FIG. 2 is a flowchart showing the operation steps of the dynamic scattering type particle size distribution measuring apparatus according to the embodiment.
FIG. 3 is a functional block diagram showing a detailed function of a difference unit in the embodiment.
FIG. 4 is a functional block diagram showing detailed functions of a difference unit according to another embodiment of the present invention.
[Explanation of symbols]
RS: Reference sample L, La, Lb: Basic light (laser light)

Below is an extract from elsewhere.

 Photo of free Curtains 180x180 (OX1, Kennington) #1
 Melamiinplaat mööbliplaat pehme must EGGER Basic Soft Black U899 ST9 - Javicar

LNb ... reference scattered light OS ... measurement sample LNa ... measurement sample scattered light S1 ... scattered light information acquisition step S2 ... difference information generation step S3 ... particle size distribution calculation step

Claims (4)

Based on scattered light information obtained from scattered light generated by irradiating a sample with basic light, the particle size distribution of a particle group included in the sample is measured,
A reference cell containing a reference sample containing only a predetermined particle group;
A measurement cell that contains a large number of the predetermined particle groups, and that contains a measurement sample that includes a measurement target particle group that has a small amount of another diameter,
A basic light guide mechanism that divides basic light emitted from a single light source and guides it to the reference sample and the measurement sample, respectively;
A scattered light guide mechanism for guiding scattered light generated by irradiating each sample with basic light to a light intensity detector that detects the intensity of the light;
A particle size distribution measuring apparatus comprising: an information processing unit that calculates a particle size distribution of a measurement target particle group included in the measurement sample based on a difference between pieces of scattered light information detected by the light intensity detection unit. . The scattered light information, a particle size distribution measuring apparatus according to claim 1, wherein the fluctuation information indicating the fluctuation of the scattered light intensity. The scattered light information is a power spectrum information calculated from the fluctuation information indicating the fluctuation of the scattered light intensity claim 1 particle size distribution measuring apparatus according. The scattered light information is information about the angular distribution of scattered light intensity claim 1 particle size distribution measuring apparatus according.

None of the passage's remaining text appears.